**Exercise requirements**
Without any of the pictures, set down the data below exactly.

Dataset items
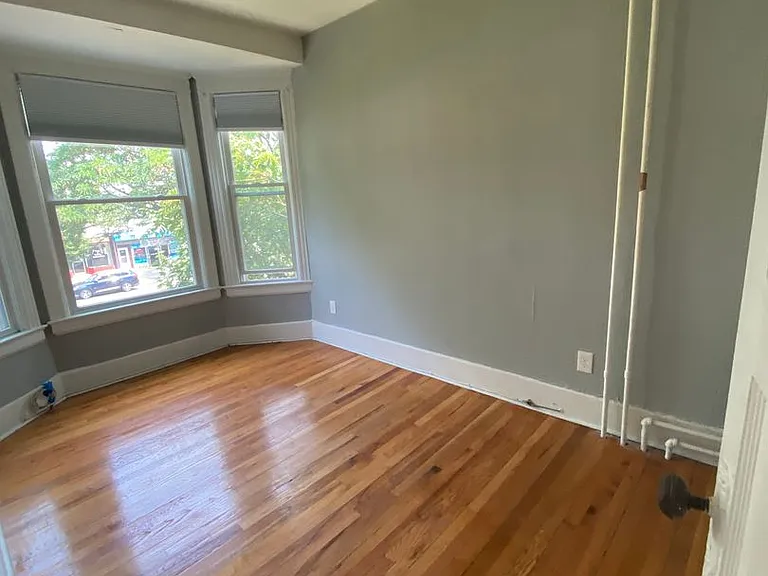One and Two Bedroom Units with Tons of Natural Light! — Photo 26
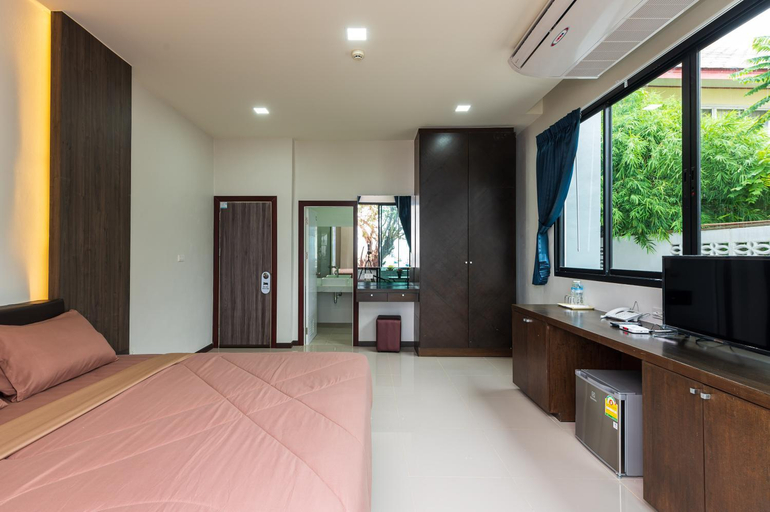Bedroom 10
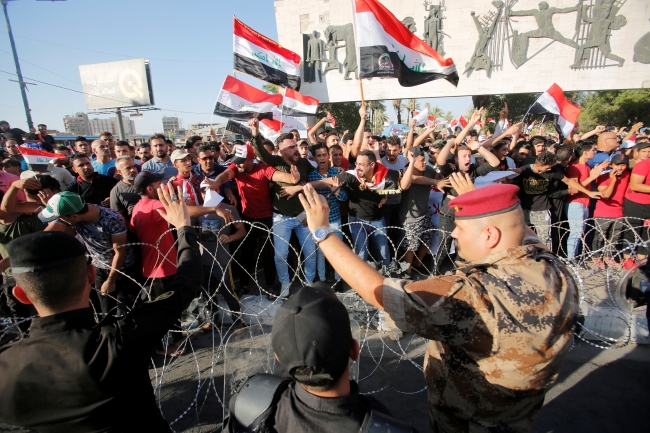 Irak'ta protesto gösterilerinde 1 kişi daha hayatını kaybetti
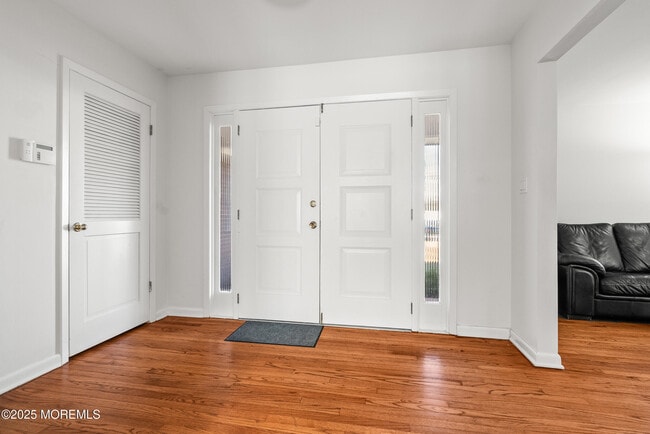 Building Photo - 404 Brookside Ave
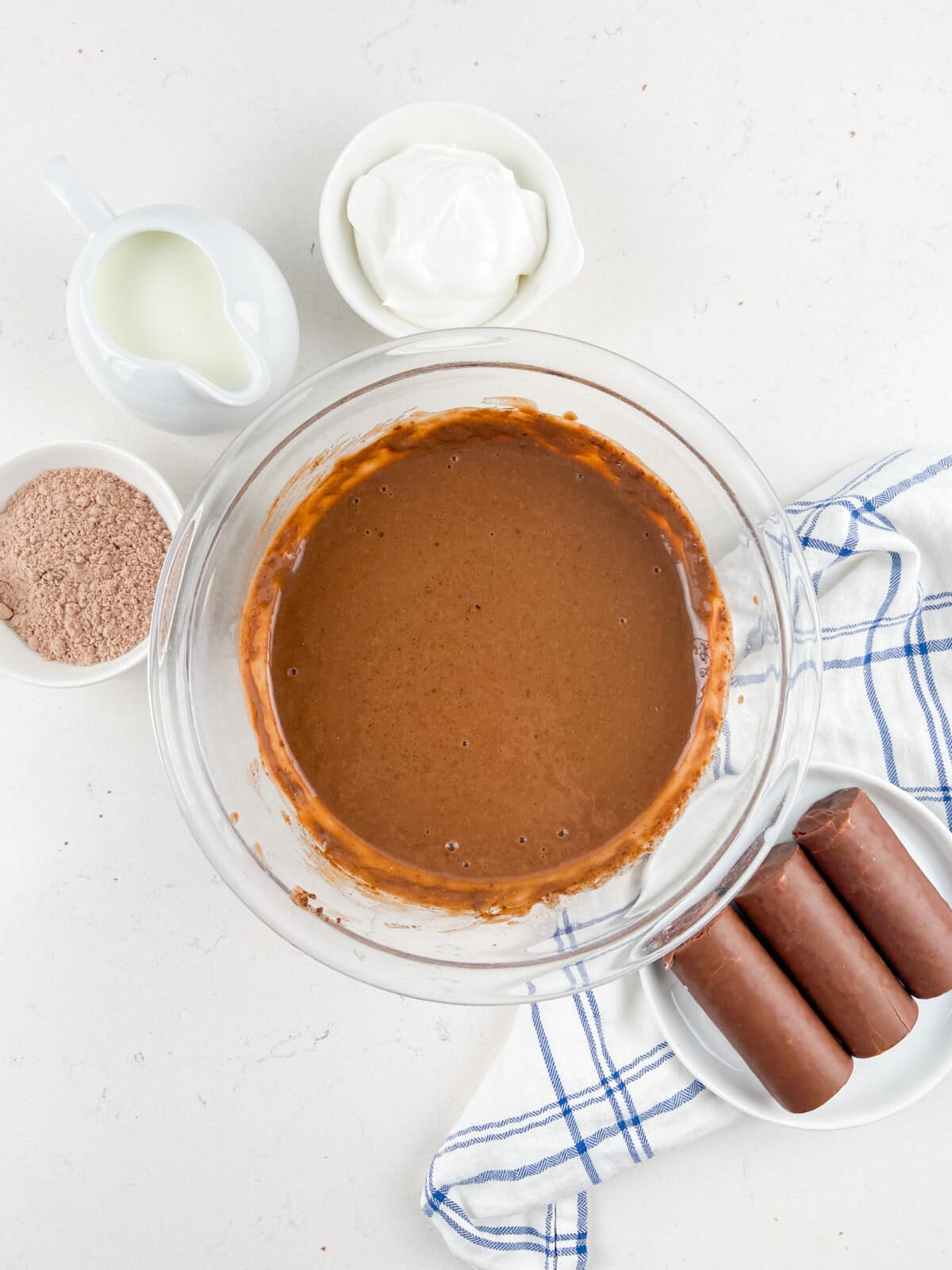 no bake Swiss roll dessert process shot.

**Output below**
One and Two Bedroom Units with Tons of Natural Light! — Photo 26
Bedroom 10
 Irak'ta protesto gösterilerinde 1 kişi daha hayatını kaybetti
 Building Photo - 404 Brookside Ave
 no bake Swiss roll dessert process shot.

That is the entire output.